(Data records)
☆ ☆ ☆ ☆ ☆

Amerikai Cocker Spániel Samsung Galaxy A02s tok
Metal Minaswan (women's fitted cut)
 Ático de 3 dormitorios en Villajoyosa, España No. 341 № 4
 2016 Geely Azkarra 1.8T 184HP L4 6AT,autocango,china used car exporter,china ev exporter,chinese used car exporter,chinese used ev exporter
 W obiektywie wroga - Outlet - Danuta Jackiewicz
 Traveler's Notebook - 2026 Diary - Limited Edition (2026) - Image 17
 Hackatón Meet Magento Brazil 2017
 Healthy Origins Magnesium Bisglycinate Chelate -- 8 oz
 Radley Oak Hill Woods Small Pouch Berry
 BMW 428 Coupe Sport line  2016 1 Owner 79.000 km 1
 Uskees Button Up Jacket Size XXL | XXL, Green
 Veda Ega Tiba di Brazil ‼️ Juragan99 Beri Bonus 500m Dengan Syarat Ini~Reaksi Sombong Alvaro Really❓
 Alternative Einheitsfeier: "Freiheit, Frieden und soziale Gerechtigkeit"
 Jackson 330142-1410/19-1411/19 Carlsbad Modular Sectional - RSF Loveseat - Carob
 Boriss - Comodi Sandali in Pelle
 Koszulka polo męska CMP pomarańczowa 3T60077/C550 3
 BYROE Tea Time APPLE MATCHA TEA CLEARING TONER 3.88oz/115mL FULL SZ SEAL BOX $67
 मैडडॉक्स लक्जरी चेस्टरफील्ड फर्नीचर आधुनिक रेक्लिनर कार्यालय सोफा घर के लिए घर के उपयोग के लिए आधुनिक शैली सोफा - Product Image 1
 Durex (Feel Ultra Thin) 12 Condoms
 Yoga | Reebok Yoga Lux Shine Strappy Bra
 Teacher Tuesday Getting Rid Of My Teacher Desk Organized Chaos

☆ ☆ ☆ ☆ ☆

**What is required**
The lines beginning with the one that holds "Veda Ega Tiba" and ending with the last line of the data above are to be reproduced exactly, and nothing else.

**Answer for this exercise**
 Veda Ega Tiba di Brazil ‼️ Juragan99 Beri Bonus 500m Dengan Syarat Ini~Reaksi Sombong Alvaro Really❓
 Alternative Einheitsfeier: "Freiheit, Frieden und soziale Gerechtigkeit"
 Jackson 330142-1410/19-1411/19 Carlsbad Modular Sectional - RSF Loveseat - Carob
 Boriss - Comodi Sandali in Pelle
 Koszulka polo męska CMP pomarańczowa 3T60077/C550 3
 BYROE Tea Time APPLE MATCHA TEA CLEARING TONER 3.88oz/115mL FULL SZ SEAL BOX $67
 मैडडॉक्स लक्जरी चेस्टरफील्ड फर्नीचर आधुनिक रेक्लिनर कार्यालय सोफा घर के लिए घर के उपयोग के लिए आधुनिक शैली सोफा - Product Image 1
 Durex (Feel Ultra Thin) 12 Condoms
 Yoga | Reebok Yoga Lux Shine Strappy Bra
 Teacher Tuesday Getting Rid Of My Teacher Desk Organized Chaos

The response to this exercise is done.